今春に放送されたドラマ「ジョフウ 〜女性に××××って必要ですか?〜」(テレビ東京系)のように、近年、映像や漫画作品のテーマとして「女性用風俗」が取り上げられることが増えている。女性たちの間で認知とニーズが広がる中、中高年の利用者も一定数いるようだ。年齢を重ねた女性たちは、風俗に何を求めるのか。“女風(じょふう)”の利用者やセラピストの話から、女心のリアルに迫る。
* * *
「初めは純粋な興味でしたね。どんな世界なんだろうって」
西内麗子さん(仮名/60歳)は、2年前に初めて“女風”を利用した時のことをこう振り返る。SNSをきっかけに存在を知り、持ち前の好奇心がうずいたという。50代になってから、夫のEDによりセックスレスに陥っており、満たされない心を埋められるかもしれないという期待もあった。
とりあえず、業界で名の通った女風のWebサイトで、ルックスに惹かれた当時24歳のセラピストを指名した。
「ホテルに入るとすごく緊張しましたが、セラピさんが朗らかな子だったおかげで素敵な時間を過ごせました」
西内さんが若き日を謳歌した1980年代は、「男も女も肉食系」だった。インターネットはなく、出会いはリアルの場のみ。好みの異性を見つけると、みな必死で口説いていた。
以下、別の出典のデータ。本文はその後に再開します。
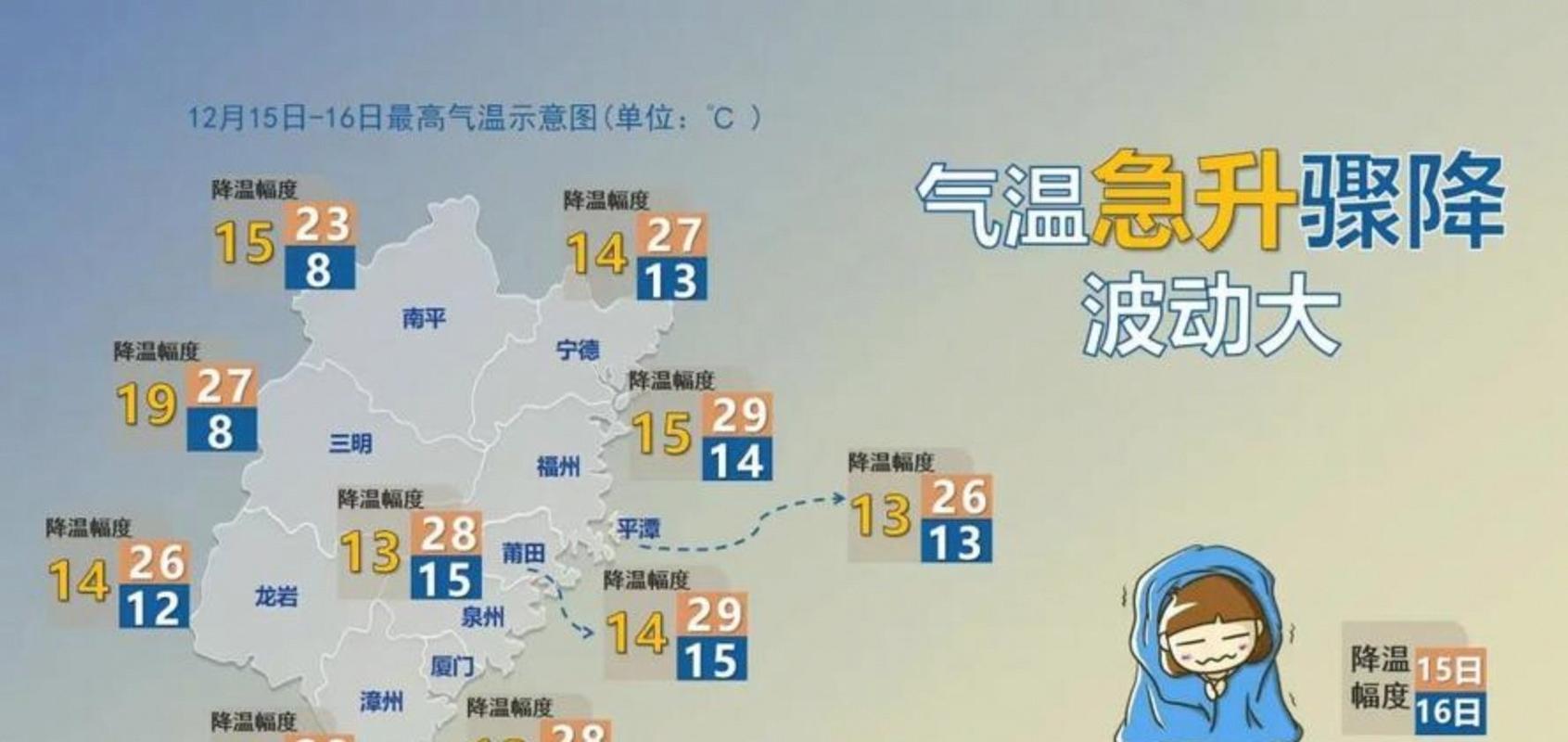 莆田天氣預報10天_莆田天氣_北京天氣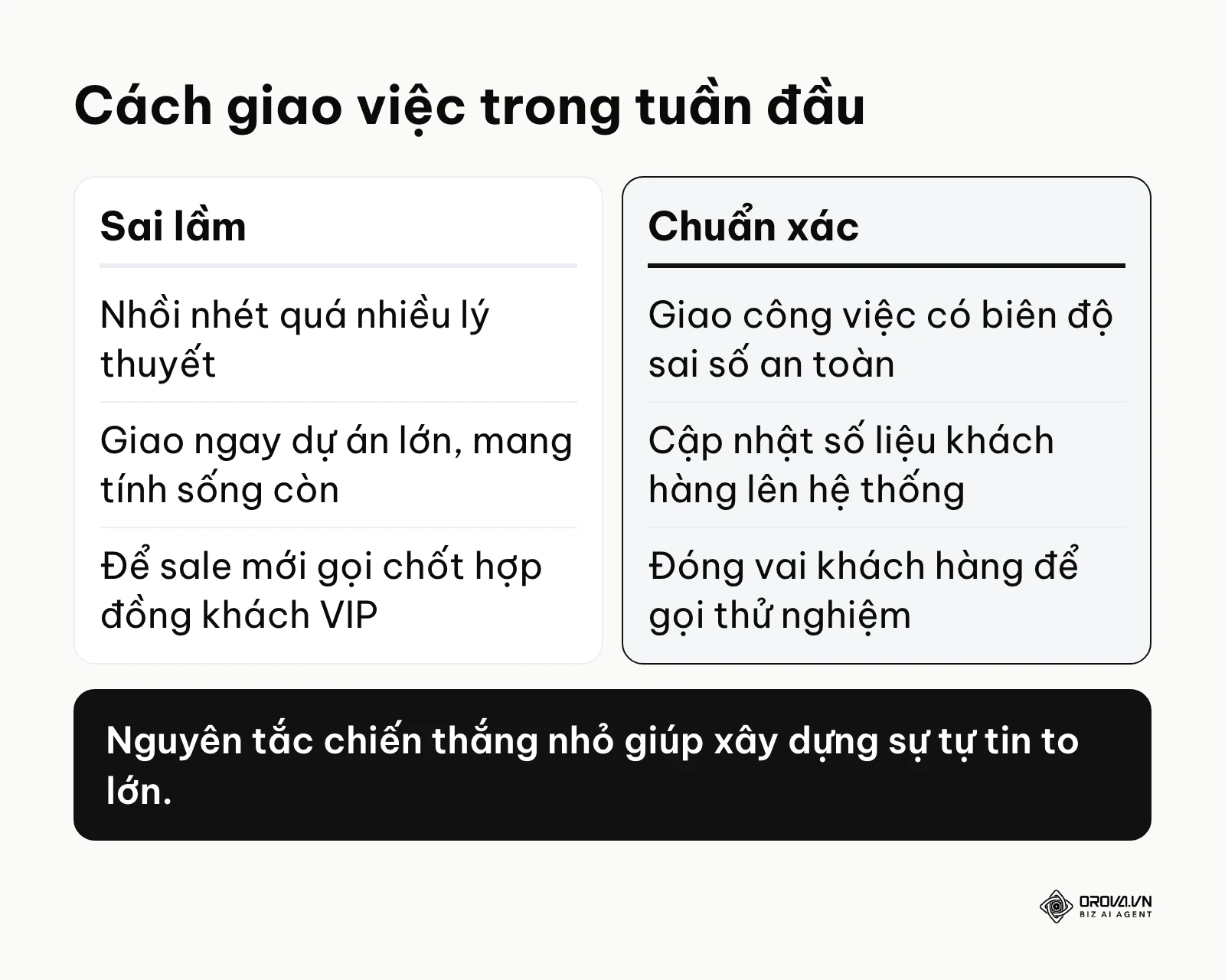 So sánh cách giao việc sai lầm và chuẩn xác cho nhân viên mới.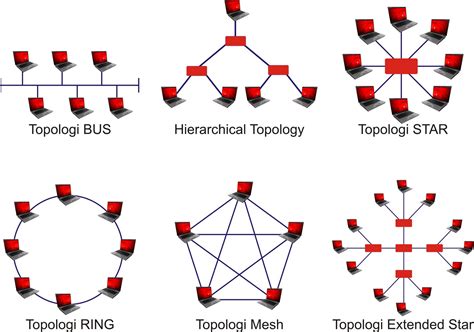 Topologi Jaringan Mesh | Porn Sex Picture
恋愛や性に貪欲だった時代の記憶があるからこそ、60歳手前で出合った女風にもそこまで抵抗を抱かなかったのかもしれない。
西内さんは以降、月に1度のペースで女風を利用するようになった。そんな中、夫が病で倒れ、自宅介護の日々が始まった。
「介護に明け暮れる中、女風は息抜きの場でした。1回2万~3万円かかるんですけど、月に数回利用することも。夫を傷つけたくなくて、最後まで秘密にしていました」
介護生活は、夫が亡くなったことで1年2カ月で幕を下ろした。